## WHAT TO PRODUCE
The expected output is an exact copy of the lines from the one containing "学号毕业证号是什么(学号毕业证号是什么意思)" to the final line below, minus any pictures.

─── RECORDS FOR THIS EXERCISE ───

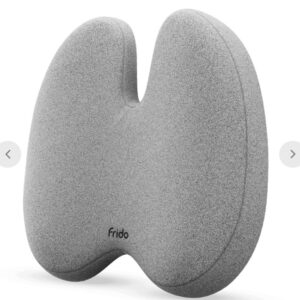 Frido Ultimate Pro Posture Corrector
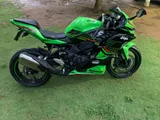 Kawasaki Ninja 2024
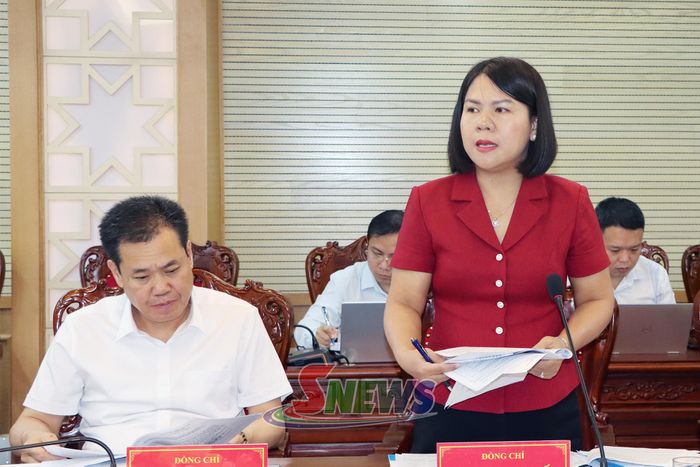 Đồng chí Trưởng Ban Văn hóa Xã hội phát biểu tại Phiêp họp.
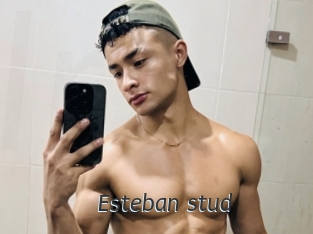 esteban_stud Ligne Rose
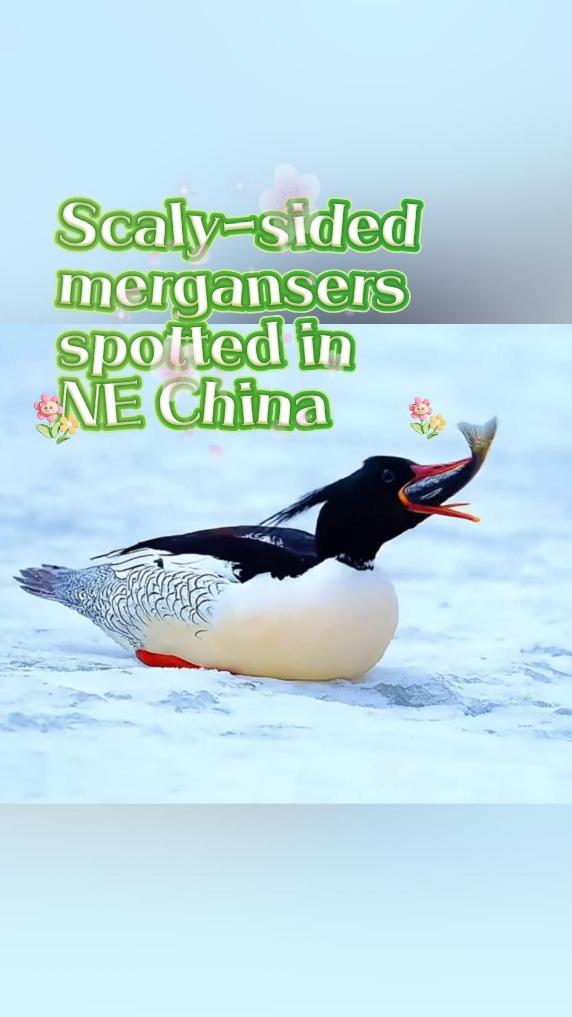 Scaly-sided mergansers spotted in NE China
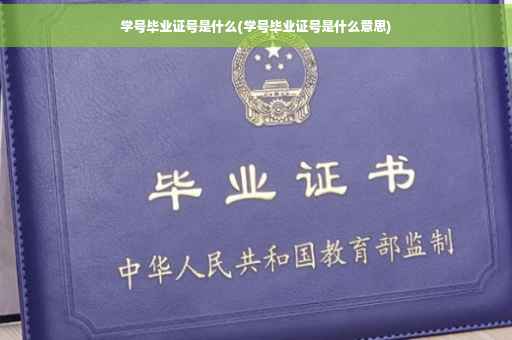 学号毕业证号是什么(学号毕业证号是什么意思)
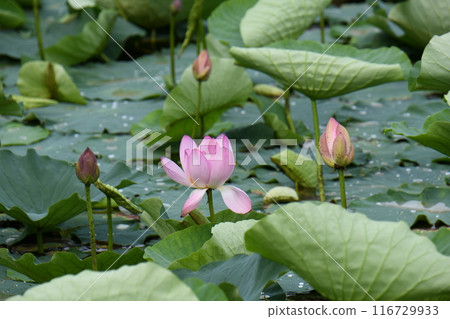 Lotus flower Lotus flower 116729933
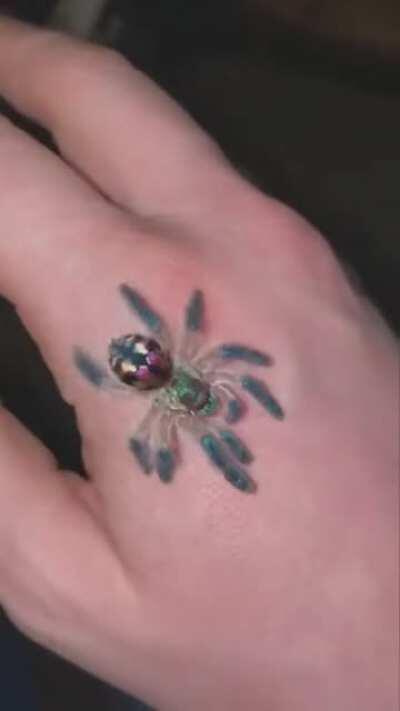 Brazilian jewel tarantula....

───

## EXERCISE RESPONSE
 学号毕业证号是什么(学号毕业证号是什么意思)
 Lotus flower Lotus flower 116729933
 Brazilian jewel tarantula....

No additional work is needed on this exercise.